I am using version #: com.datastax.spark:spark-cassandra-connector_2.11:2.0.0-M3
I have a RDD from a kafka stream:
kafkaStream.foreachRDD((rdd: RDD[String]) => {
if(rdd.count > 0) {
println(java.time.LocalDateTime.now + ". Consumed: " + rdd.count() + " messages.");
sqlContext.read.json(rdd)
.select("count_metadata.tran_id")
.write
.format("org.apache.spark.sql.cassandra")
.options(Map("table" -> "tmp", "keyspace" -> "kspace"))
.mode(SaveMode.Append)
.save();
} else {
println(java.time.LocalDateTime.now + ". There are currently no messages on the topic that haven't been consumed.");
}
});
The RDD count is around 40K but the spark connector only populates the database with a consistent 457 records.
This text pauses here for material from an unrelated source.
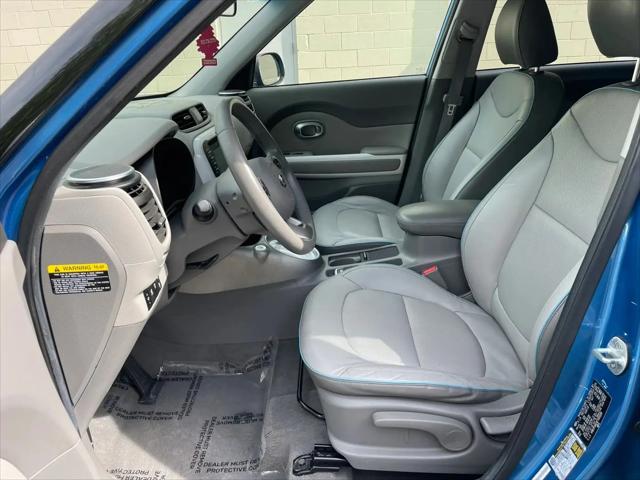 2015 Kia Soul EV EV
sqlContext.read.json(rdd).select("count_metadata.tran_id").count
also prints 40k records.
Here is my table statement:
cqlsh:kspace> CREATE TABLE tmp(tran_id text PRIMARY KEY);
The tran_id is unique for each message.
What am I missing? Why aren't all 40k records making it to that table?
My logs are not showing any exceptions either.
The tran_id is unique for each message.
I lied:
println(df.distinct.count);
prints....
457
Time to bring it up to our upstream source.